We learned last week that new Boston Mayor Marty Walsh will earn $175,000 this year, the same salary as his predecessor Tom Menino. (Walsh also unveiled the salaries of his key staffers)

That got the Curiosity Desk wondering how his paycheck measures up against his fellow mayors across the country.

It's hard to do an apples-to-apples comparison with a simple salary number. Each city government operates in a unique way. Some have a strong mayor at the head of the org chart. Others are led by a city manager or a strong city council. Cities vary in size and, even in cities of a similar size, the scope of operations might be very different. To this end, we've crunched the numbers a few different ways and have included figures like budget, population, and number of city employees for context.


One way to look at it is to compare Boston with cities of similar size, by population. While the Boston metro area (including everywhere from Worcester to Nashua, N.H. to Providence, R.I.) ranks as the sixth most populated in the United States, the city itself doesn’t even crack the top 20. El Paso is slightly larger than Boston, while Seattle and Denver are slightly smaller.
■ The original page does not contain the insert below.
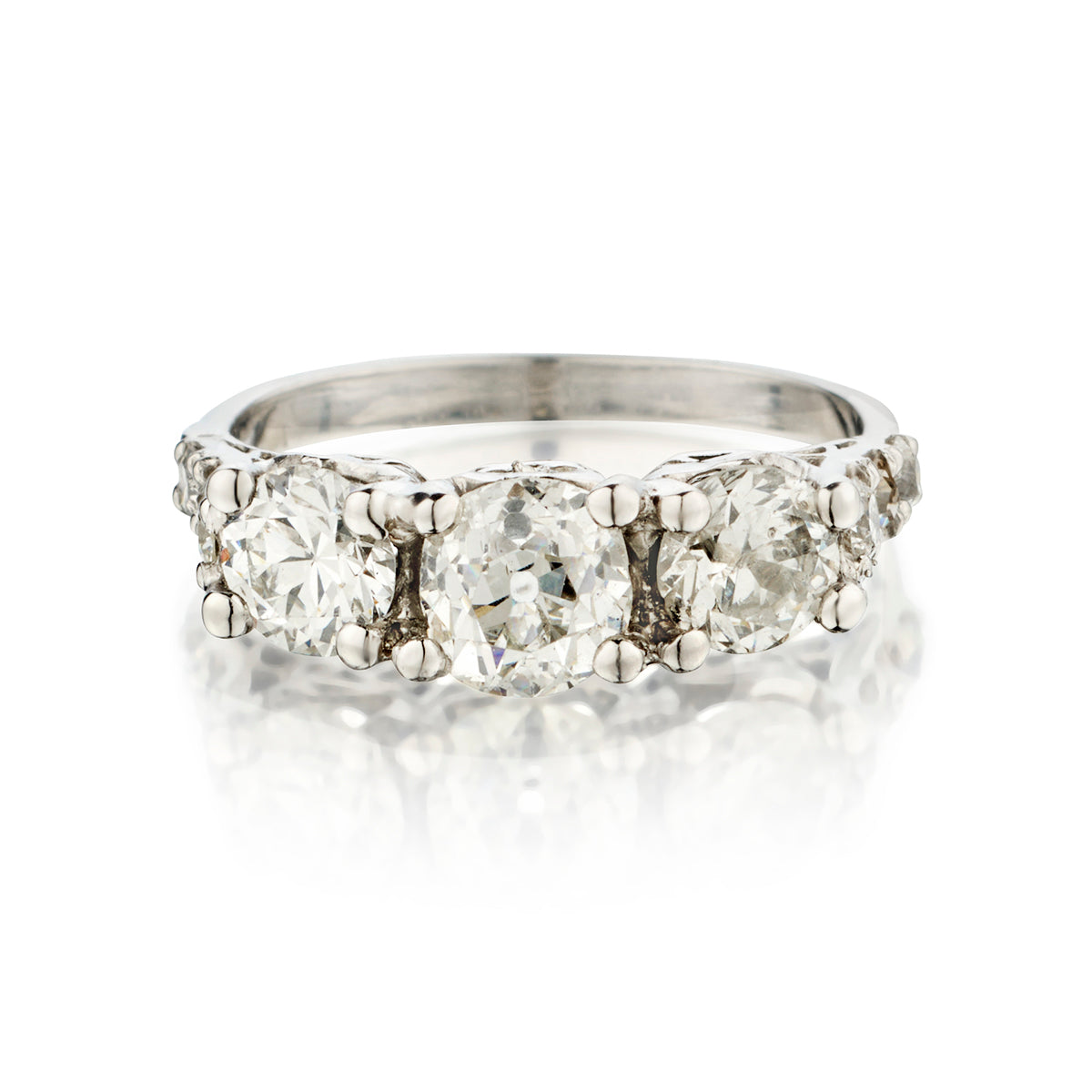 Platinum Vintage 3-Stone Ring. 2.33ct Tw Mine and European Cuts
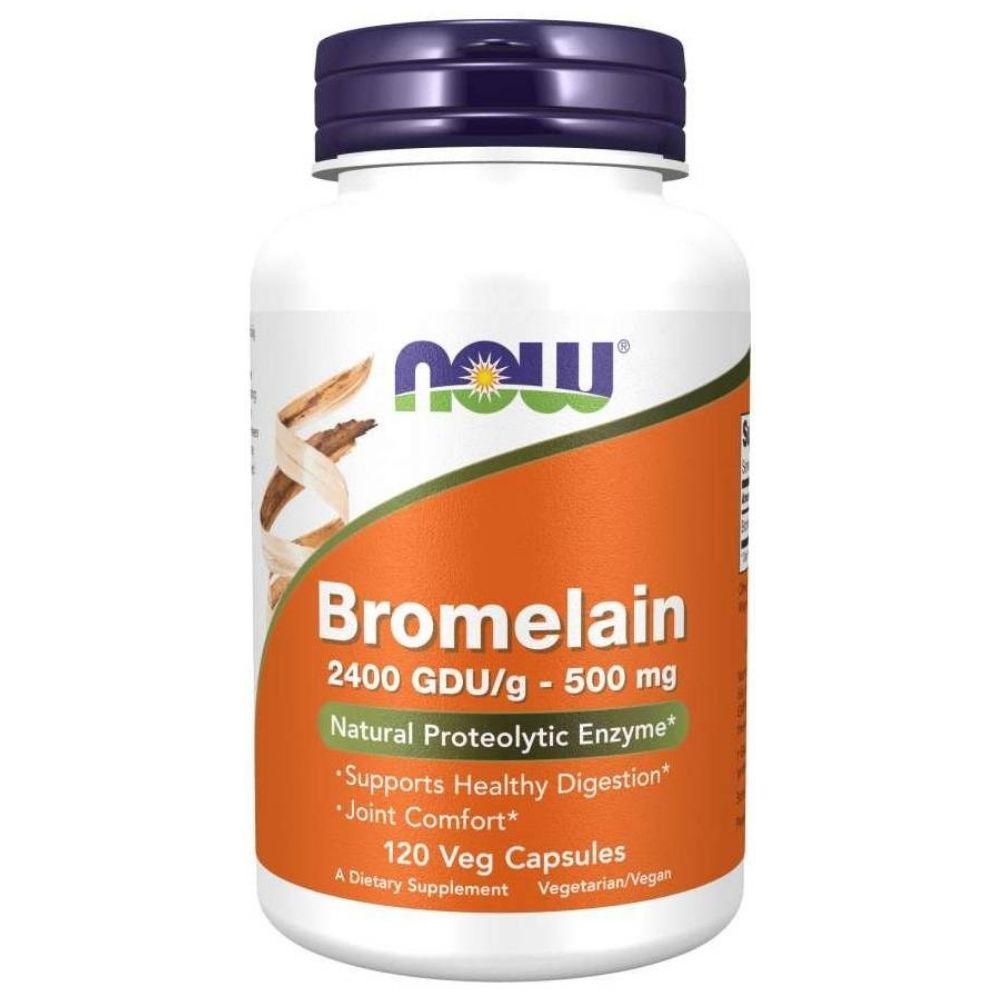 Now Foods Bromelaīns 500 mg, 2400 GDU/g - 120 kapsulas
It's interesting to note that all three cities are significantly larger in area than Boston. This means that there is more ground to cover when considering services like trash collection and landscaping in these cities, but it also means that Boston is much more densely populated. That provides it’s own unique set of challenges. Here's how the cities break down by area:

The most compelling comparison is Seattle, which is not only a similarly sized city, but also has a similar cost of living, and a cultural likeness (liberal, well-educated, innovative, lots of restaurants, strong arts and music scenes). Predictably, the mayors' salaries are pretty close, but Seattle's budget is significantly larger than Boston's. And Seattle has fewer city employees, too. One thing they are planning to spend that money on in the near future appears to be their lowest wage earners. In January, Seattle Mayor Ed Murray announced his intention to sign an executive order calling for a comprehensive plan to raise the minimum wage for city employees to $15 an hour. The city estimates that about 600 of their employees are currently making less than that.

El Paso, Texas

Mayor: Oscar Lessor

Style: Council-manager

Population: 672,538

Budget: $801.4 million

Salary: $45,000

City Manager: $238,960

Employees: 6,500


Mayor: Martin Walsh

Style: Strong mayor-council

Population: 636,479

Budget: $2.7 billion

Salary: $175,000

Employees: 17,000


Mayor: Ed Murray

Style: Mayor-council

Population: 634,535

Budget: $4.4 billion

Salary: $179,798

Employees: 11,350


Mayor: Michael Hancock

Population: 634,265

Style: Strong mayor-council

Budget: $2.37 billion

Mayor Salary: $150,406

Employees: 10,600


Oh, those Jesuits! Not only have they grabbed the top spot at the Vatican, but the S.J.'s at Boston College have also produced recent or current mayors for three of America's 50 largest cities: Minneapolis, Dallas, and Boston.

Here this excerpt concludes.